平成元年 11月18日

 天気が良いので、今日の朝ごはんは、外で食べることになりました。もちろん僕の家は団地の一室なので庭はありませんから、トーストをラップに包み、コーヒーはポットに詰めて、牛乳やジュースはパックのまま、ついでにリンゴとバナナも、大きい買い物カゴに放り込み、敷物に使っている赤いテーブルクロスを持って、すぐ裏にある児童館の芝生の庭に大移動開始です。こういうときにいつも使う場所が僕んちにはあるのですが、秋も深まってきたこの季節、そこにはまだお日様が届いていなくて、今日は少し南の方の斜面で朝食ということになりました。僕は新聞を持っていって、食べたあと寝っころがって読んだりします。子どもたちは、望遠鏡で鳥をさがしたりします。そうして、一日が始ります。こういう日は、このままお散歩にでかけるのが良いですね。もちろんこれもちょっと足を伸ばして、広瀬川まで行って見ようかっていうぐらいのもので、そこに行って何かするための移動ではなくて、そこに行くまでを楽しむ、移動する事自体を楽しむのが目的のグウタラ散歩が望ましい形態という事になるでしょうね。とにかくぶらぶらとゆっくり行くわけです。
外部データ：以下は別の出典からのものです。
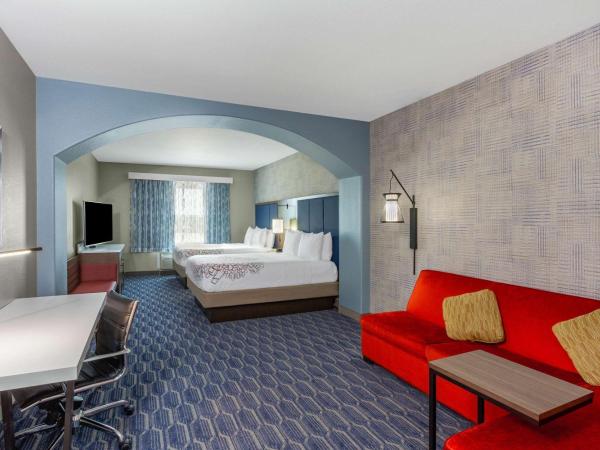 La Quinta by Wyndham Houston Channelview : photo 1 de la chambre suite deluxe avec 2 lits queen-size - non-fumeurs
 遠くまで出かけることはもちろん楽しいけれど、子どもの頃からそこに住んでいたという人以外は、自分ちの周りというのも、まだまだ知らない所がいっぱいだったりするわけで、子どもが普段遊び回っている範囲を、彼らと一緒にじっくり探検してみると、おやこんな所があったのかと、ちょっとびっくりしたりします。その上で、少し、範囲を広げてみる、と言うあたりが面白いんですよね。地球全体につながっている「ここ」という概念について、僕達はもう一度足元を確かめてみたいものだと思います。